▶ _Problem to work on_: Although the records contain pictures, repeat only the text of every line exactly.

Dataset excerpts
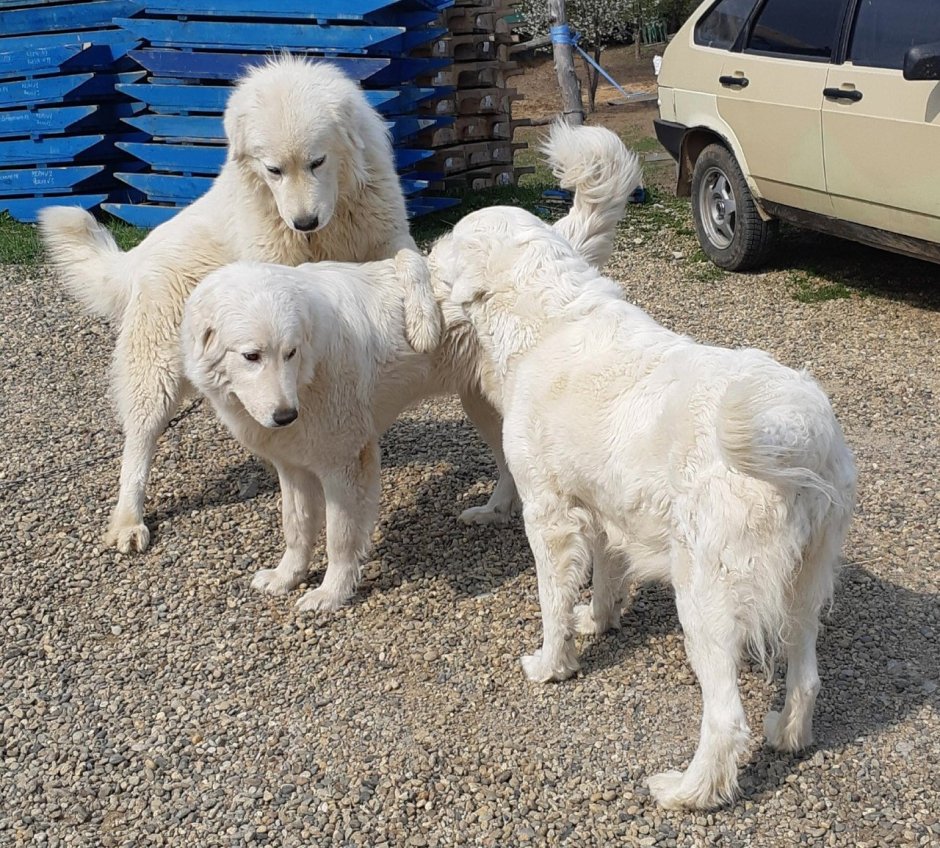 Маремма-абруццкая овчарка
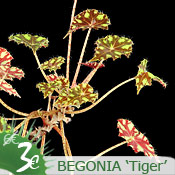 Begonia 'Tiger'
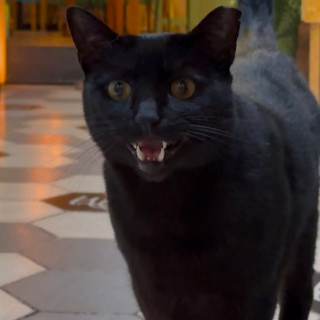 Foto de SOFÍA O PANTERA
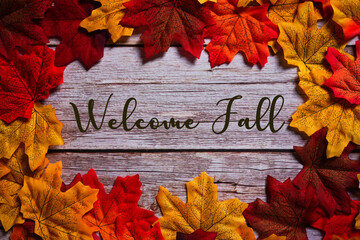 Welcome fall sign on wooden background surrounded by colorful maple leaves. Autumn & fall composition.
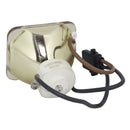 Canon LTOBSX800PUSH Ushio FP Lamps Bare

▶ _Task result_:
 Маремма-абруццкая овчарка
 Begonia 'Tiger'
 Foto de SOFÍA O PANTERA
 Welcome fall sign on wooden background surrounded by colorful maple leaves. Autumn & fall composition.
 Canon LTOBSX800PUSH Ushio FP Lamps Bare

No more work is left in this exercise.